Magnetic mosquito nets

Who knew you could have so much fun looking at a web site that sells magnets? K&J Magnetics is an awesome site, with detailed information on each magnet they sell that helped us find just the right strength magnets for holding a mosquito / bug / insect net on to the metal walls and through the plastic B-pillar cover.

Now we have a well tensioned mosquito net with magnets sewn in to the perimeter. It stays up in the wind, but it’s easy to open to get in and out of the van. It hardly interferes with the view in or out of the van. In fact, it’s quite hard to see in the picture below.

Mosquito net in sliding door area (hard to see, it's so sheer)

We sewed thin 1.5″ wide polyester webbing on to some very sheer mosquito netting.

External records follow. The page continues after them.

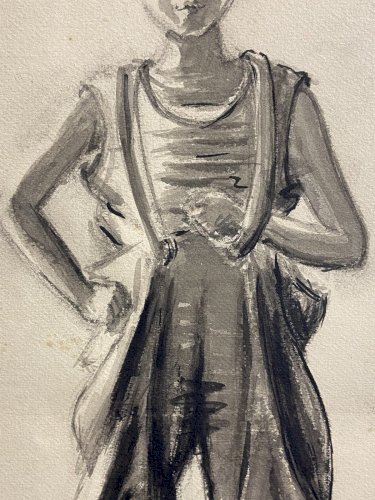 Lavis d'encre Espagne 1930 signé au jeune "gavroche" espagnol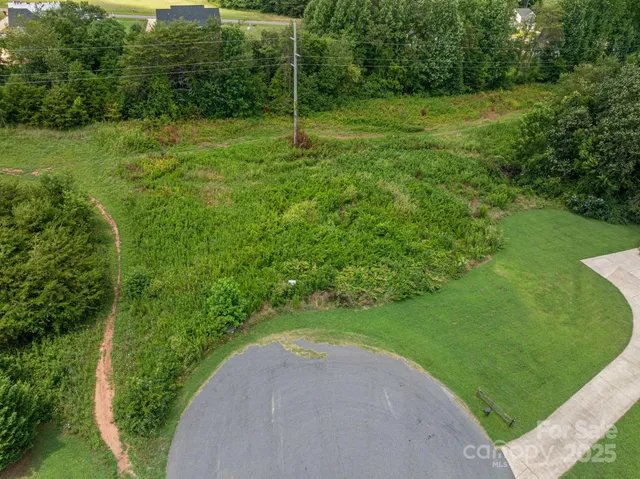 a view of a backyard with green space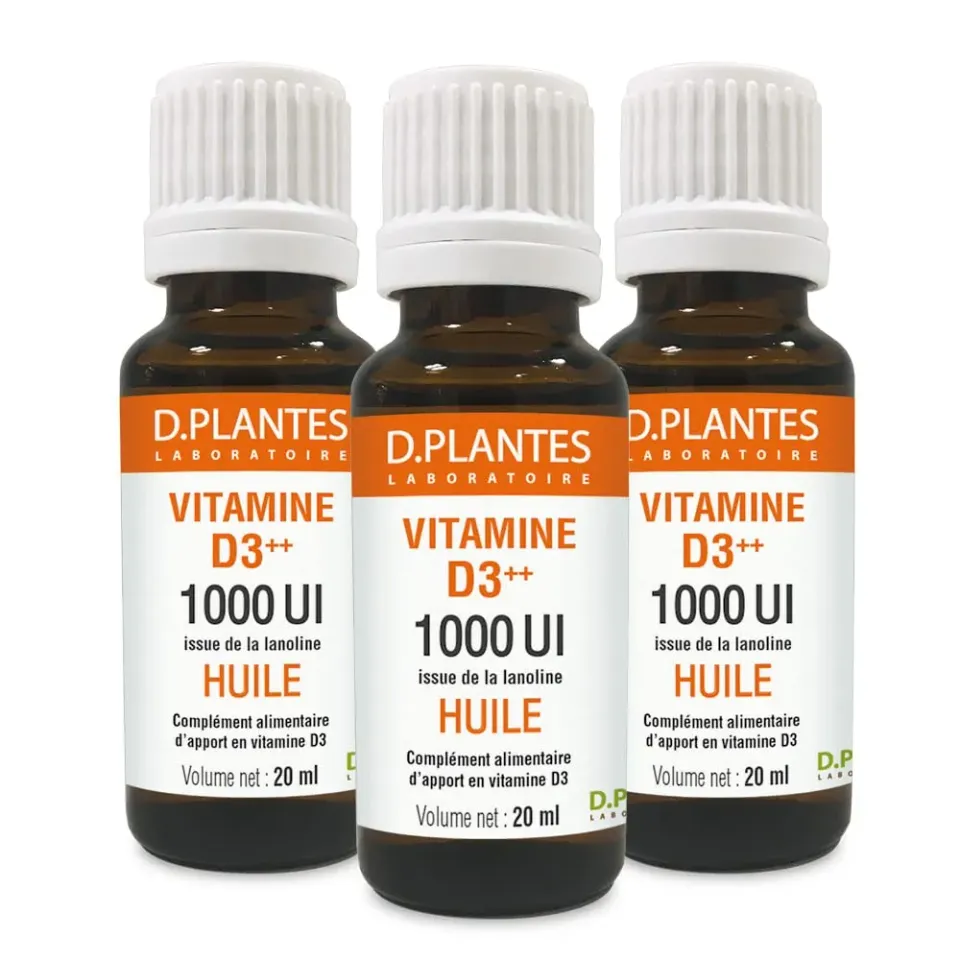 D.Plantes Vitamine D3 1000 UI gouttes 3 x 20 ml immunité
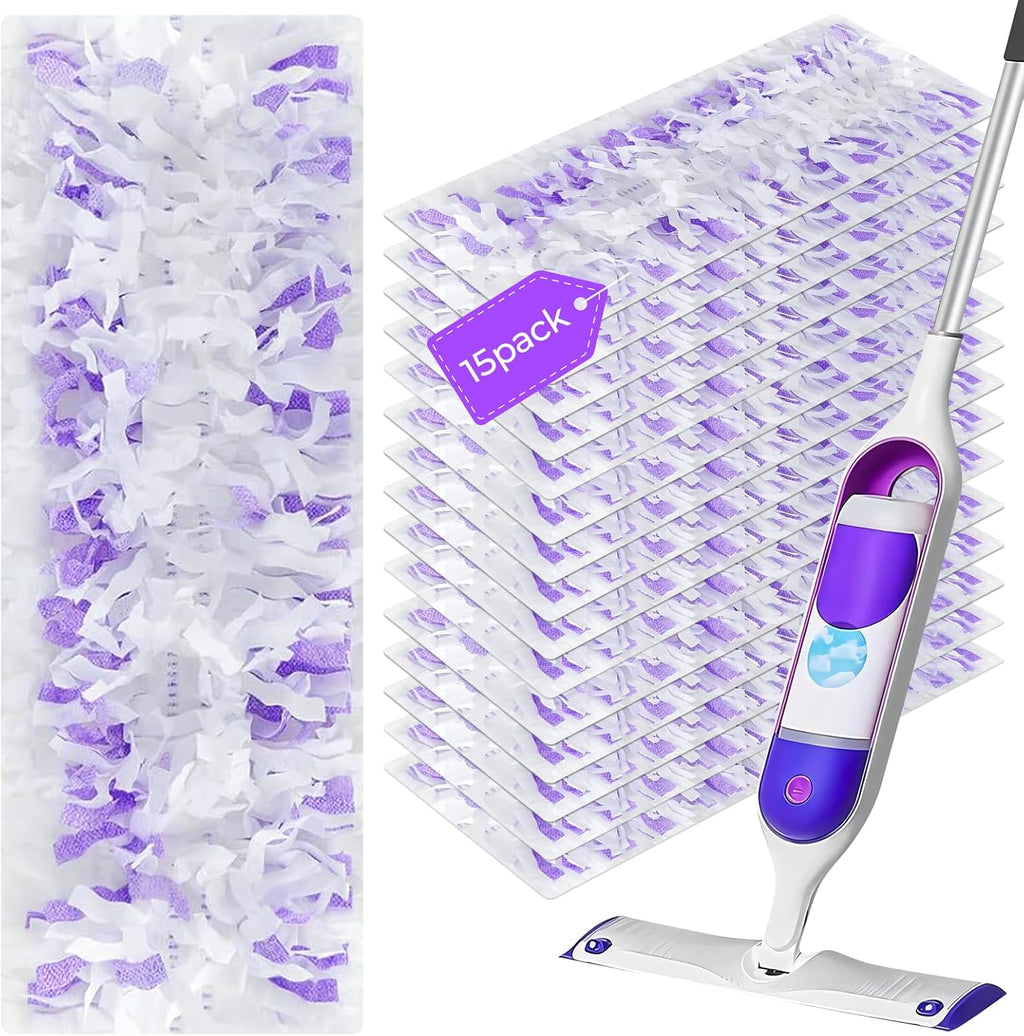 15 Pack Power Mop Refills, Disposable Mopping Pads Refills Compatible with Swiffer Power Mop, Multi-Surface Replacement Powermop Kit for Wood Floor Cleaning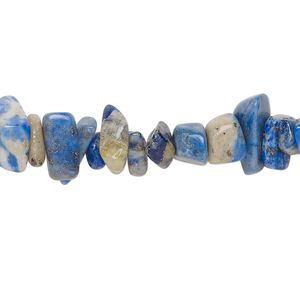 Bead, lapis lazuli (natural), medium chip with 0.6-0.8mm hole, Mohs hardness 5 to 6. Sold per 34-inch strand, approximately 290-320 beads.
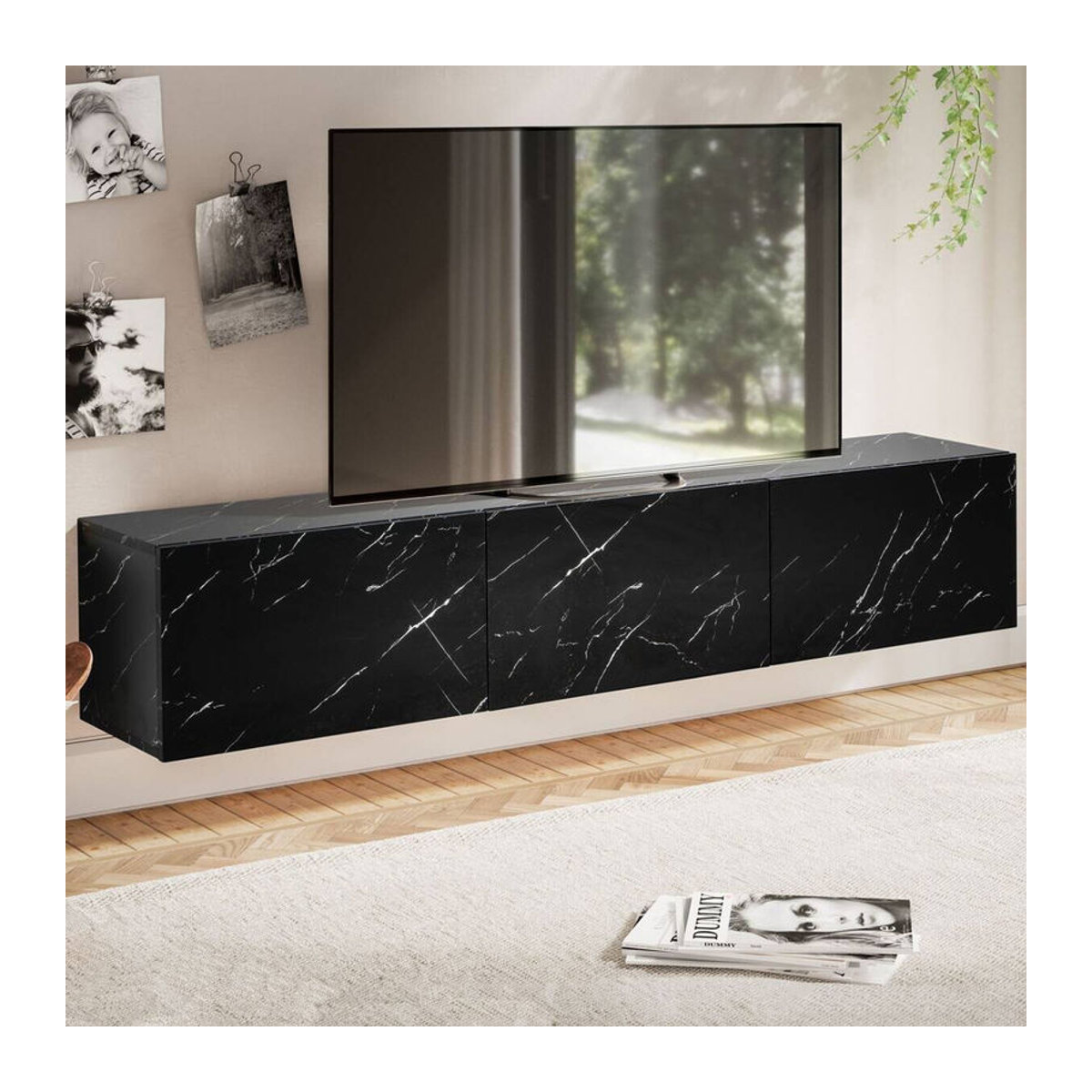 Modernes Lowboard Wohnling in Schwarz mit Marmor-Optik aus Holzwerkstoff und Metall, B/H/T: 160 x 30 x 30 cm - Bild 2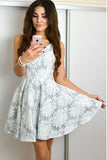 Gorgeous Sleeveless V Neck With Appliques Homecoming Dresses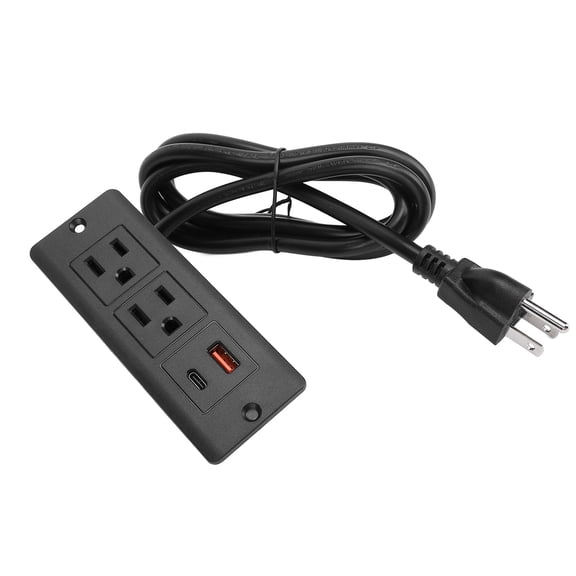 Recessed Power Strip with 2 Outlets & 2 USB Ports Fast Charging Desk Outlet Grommet for Furniture, 4.96 inches / 12.6 cm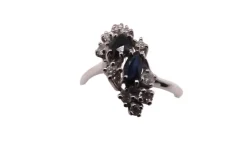 Bague en or blanc Diamants et Saphirs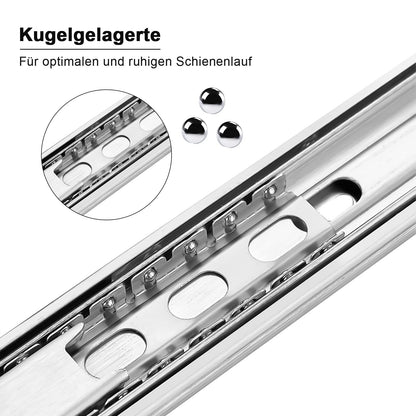 Lospitch 4 pairs of ball-bearing drawer slides 350 mm, 3-fold full extension ball-bearing slides with self-closing feature. Robust full extensions with 35 kg load capacity.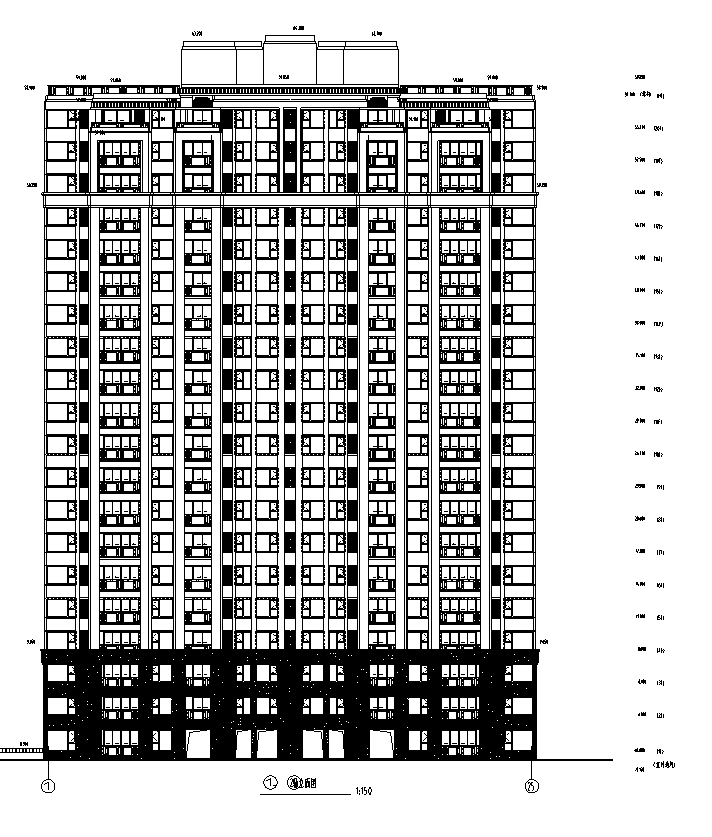 [江苏]多高层框架住宅及商业建筑施工图（含多栋楼及全...施工图下载【ID:167525105】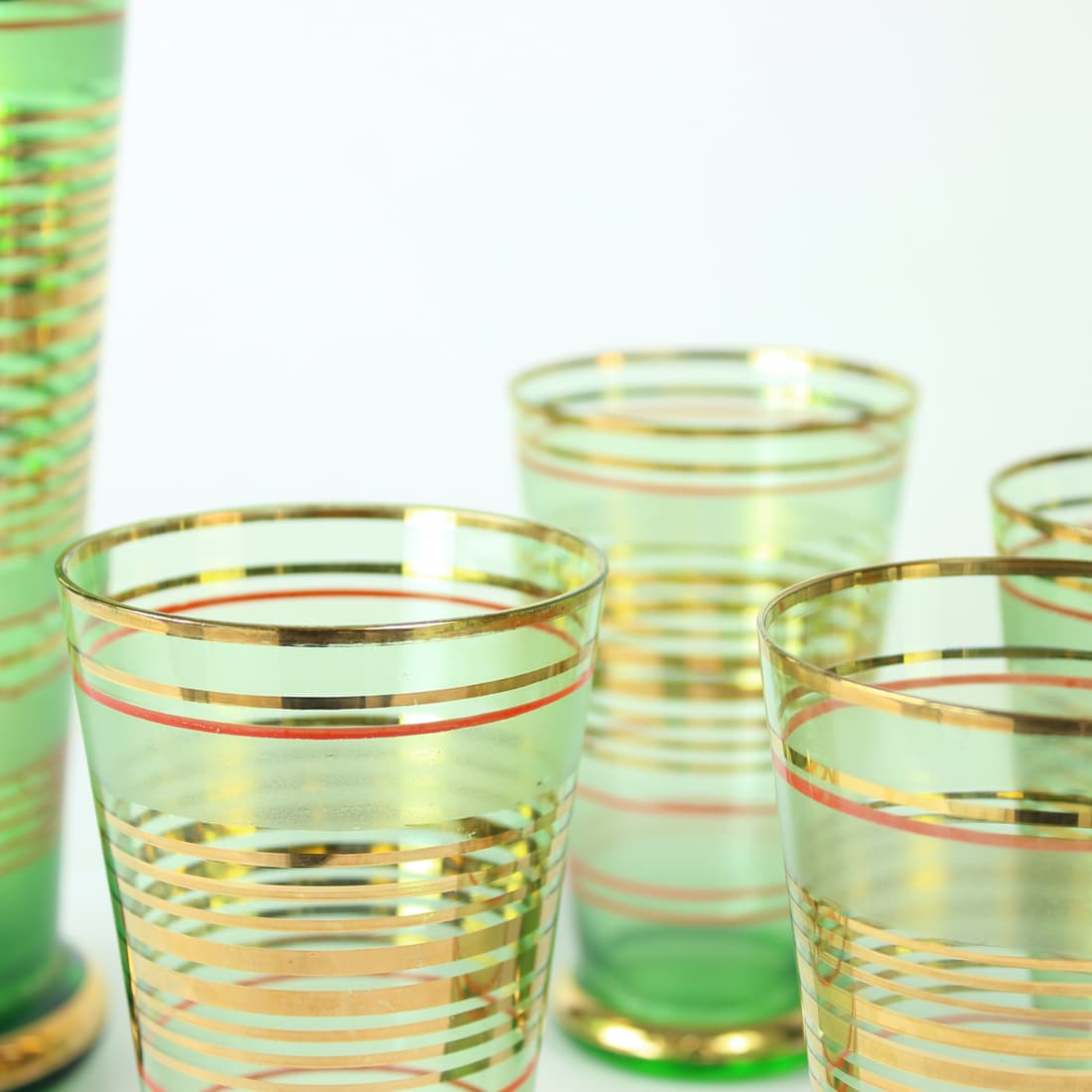 Modernist drinkware set, multicolor glass, Czechoslovakia, 1960s. - 75825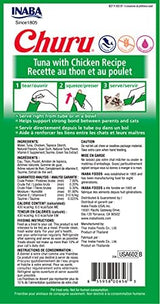 INABA Churu Cat Treats, Grain-Free, Lickable, Squeezable Creamy Purée Cat Treat/Topper with Vitamin E & Taurine, 0.5 Ounces Each Tube, 12 Tubes (4 per Pack), Tuna with Chicken Recipe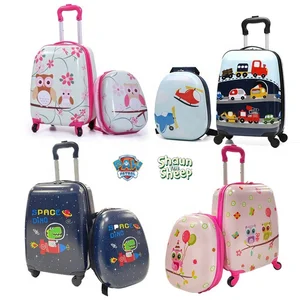 Luggage Kids Popular Cartoon Design 16" Suitcase Set Trolley Luggage with 12" Kid Travelling Backpack Bags Luggage Sets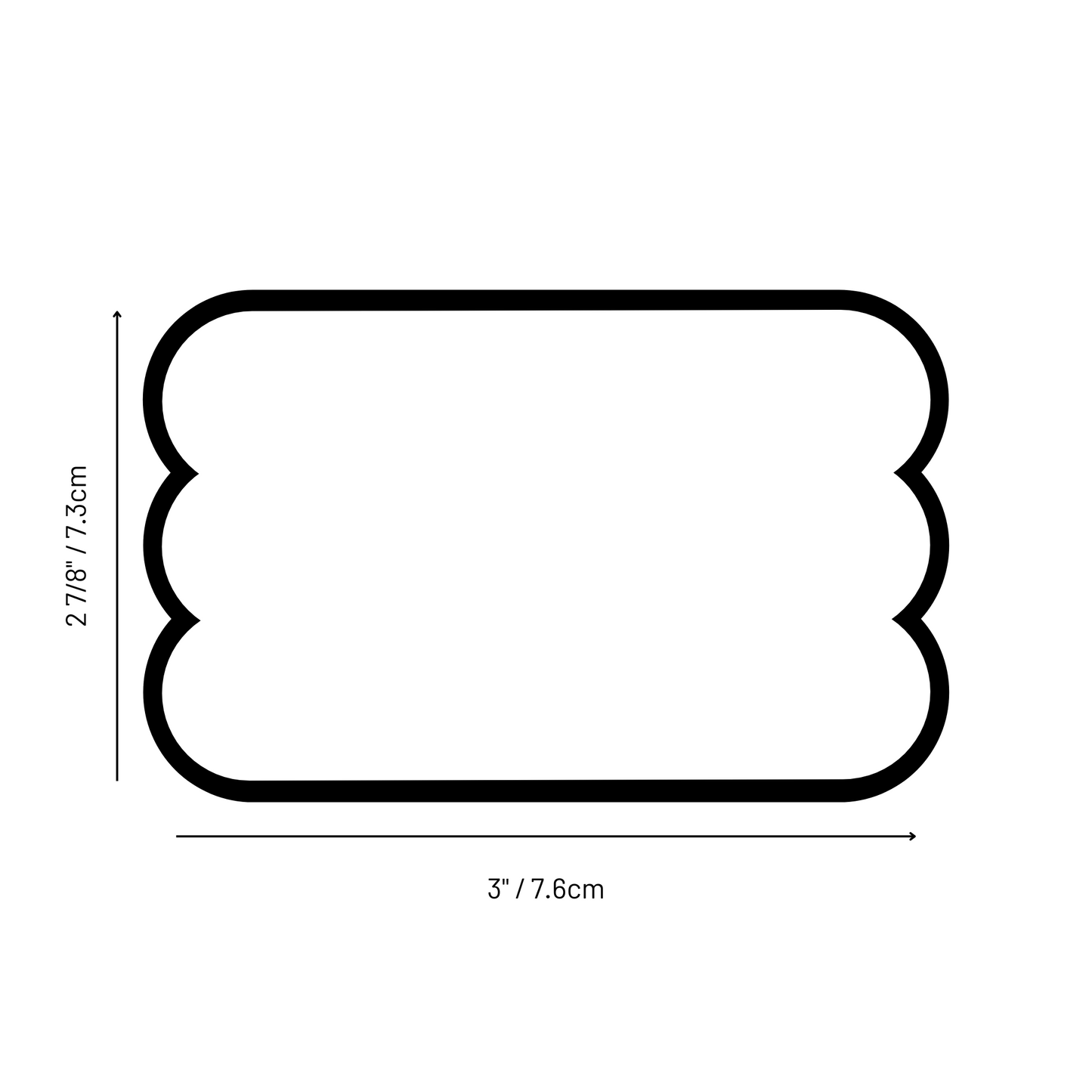 A black and white 2D diagram showing the layout of a die cut sticker measuring 7.3 by 7.6 cm.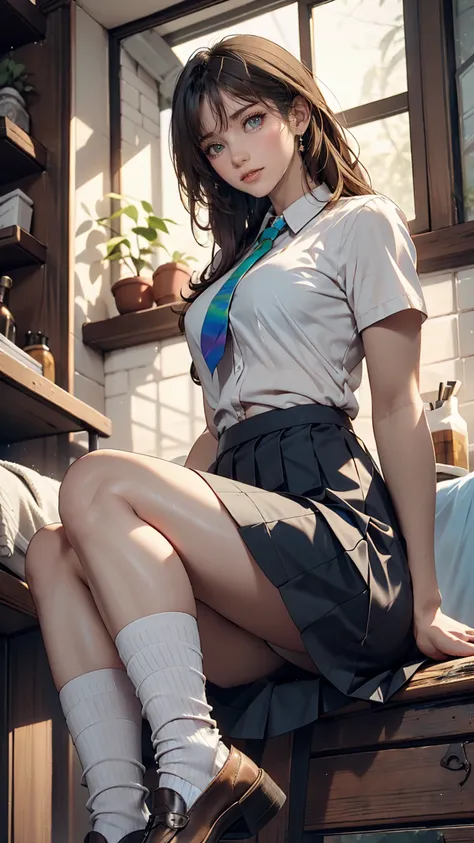 from the front, From below, White shirt, Grey pleated skirt, White socks, Loafer shoes, Medium brown hair, blue eyes, Sit on your knees, River bank, smile、17 year old female、Sexy proportions、Sexy、Narrow waist、Rainbow Hair((rainbow hair))、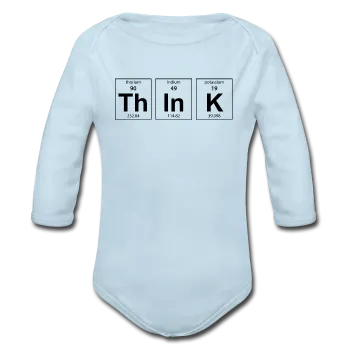 "ThInK" (black) - Baby Long Sleeve One Piece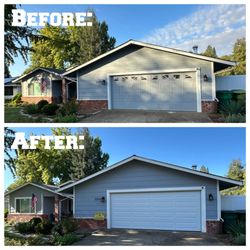 Paramount Garage Doors - Before and after of new door installation.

We placed rare earth magnets every 12″ around the top and sides. The two top corners got stronger magnets so that they can keep the whole net in place.

We took off the B-pillar cover (the plastic thing at the front end of the sliding door that has the seatbelt reel inside it) and glued relatively strong magnets at the correct locations inside it to match up with the magnets in the netting. We were careful to get the polarity right as well.

Magnet glued on to inside of B pillar plastic cover

We used a two-part epoxy formulated for plastics.

Loctite two-part epoxy for plastics


  • Hold the magnets in place while the glue dries by putting another magnet on the other side of the plastic!
  • Lay the magnets you want to use out on a steel ruler so you can pick each one up individually without them trying to pull towards each other.

With the magnets glued in, the netting snaps to the correct place on the B-pillar cover. There’s orange paracord in a couple of positions down that side of the netting just to make it easier to pull the netting away from the wall.

orange paracord loops on the mosquito netting

Because we used magnets, it’s easy to fold the net back on itself to clear the door opening. The net might end up staying in place folded back like this most of the time.

Mosquito net folded back to expose door opening

Overall, we’re pretty happy with how the net turned out. In fact, we like it so much we’re planning on making one for the back doors too. It will be great to be able to open the sliding door and the back doors and have a draft moving through the van without any bloodsucking winged visitors.

10 Replies to “Magnetic mosquito nets”

    1. Thanks!

      If you’re going to build your own net, the best thing to do is to measure as you go. You might have a different fixing method or decide to put magnets in different places.

      Having said that, our net was around 81″ tall and 54″ wide. Hope that helps!

  1. Hi there, love your design.

    I’m having a hard time trying to figure out where to attach the netting to on the bottom. How did you guys attach yours?


  2. 🙂 Got one more question for you. When sewing the magnets into the fabric border did you have issues with the magnets trying to connect with the sewing machine needle or did you glue the magnets into place on the fabric before sewing?


    1. Those darn magnets! They tried to clamp to the sewing machine bed, the needle, the foot, in fact everything other than where we wanted them.

      Gluing them in would probably have been a good idea, but we found we needed to do small up-and-down adjustments after we’d stitched up the border. What we ended up doing was using small bulldog clips a bit like these ones from Amazon just to hold the magnet in place against the border fabric. It didn’t stop them from wanting to attach to everything else, but it kept them in place while we stitched them up.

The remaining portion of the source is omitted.